Paradise on Fire
Addy is haunted by the tragic fire that killed her parents, leaving her to be raised by her grandmother. Now, years later, Addy’s grandmother has enrolled her in a summer wilderness program. There, Addy joins five other Black city kids—each with their own troubles—to spend a summer out west.
Deep in the forest the kids learn new (and to them) strange skills: camping, hiking, rock climbing, and how to start and safely put out campfires. Most important, they learn to depend upon each other for companionship and survival.
But then comes a devastating forest fire…
Addy is face-to-face with her destiny and haunting past. Developing her courage and resiliency against the raging fire, it’s up to Addy to lead her friends to safety. Not all are saved. But remembering her origins and grandmother’s teachings, she’s able to use street smarts, wilderness skills, and her spiritual intuition to survive.

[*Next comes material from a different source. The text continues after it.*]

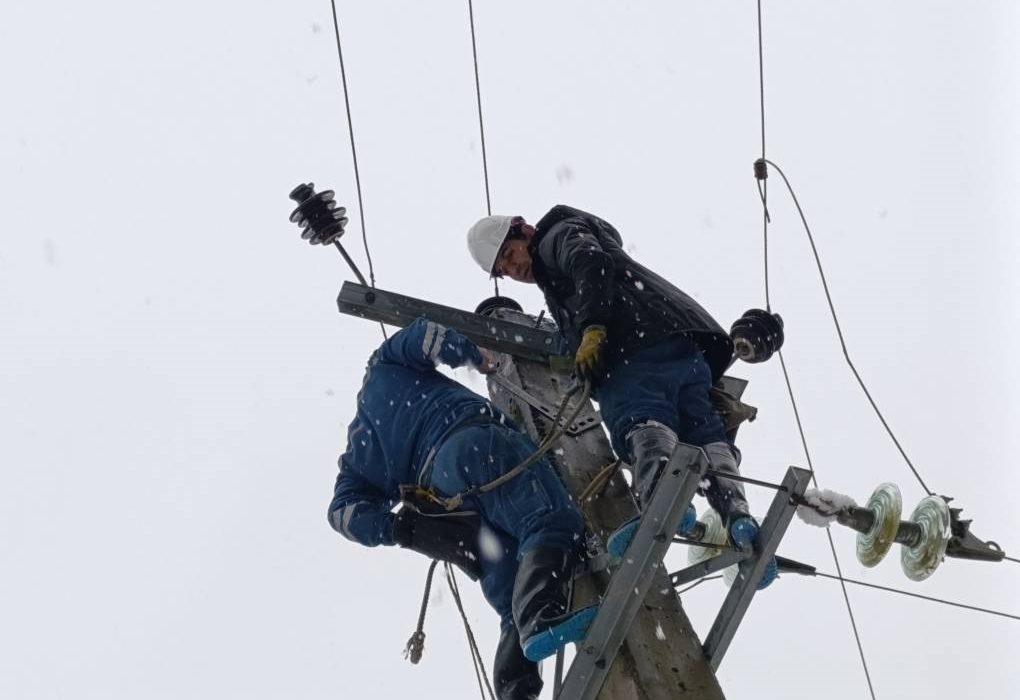 رفع خاموشیهای ناشی از برف و پایداری کامل شبکههای توزیع برق استان گیلان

Paradise on Fire has several excellent and much needed themes. Topmost, certainly, is the environmental one. It's great to see Addy be introduced to the wilderness and to fall in love with it, and heart wrenching that she also has to see first hand how fragile this environment can be. Addressing the fact that many children, especially BIPOC ones from city environments, don't necessarily get out to parks or have swimming instruction, is something that I haven't seen done very much. Since I have a park and a pool directly in my back yard, this is easy for my to forget. Showing how Addy has dealt with the effects of trauma her whole life is in keeping with current trends; I had to be careful not to say she was trying to "move on". She is struggling just to move forward. Once again, Dr. Rhodes has done an excellent job of bringing together several different topics to make for a fascinating novel that would be good for high school and middle school readers.
This is a great addition to books about wild fires, such as Davis' upcoming Partly Cloudy, Henry's recent Playing with Fire, Philbrick's Wildfire, Shotz' Firefighter, Garretson's 2010 Wildfire Run, and Cooney's 1995 Flash Fire, which shows that this environmental problem has been going on for far too long.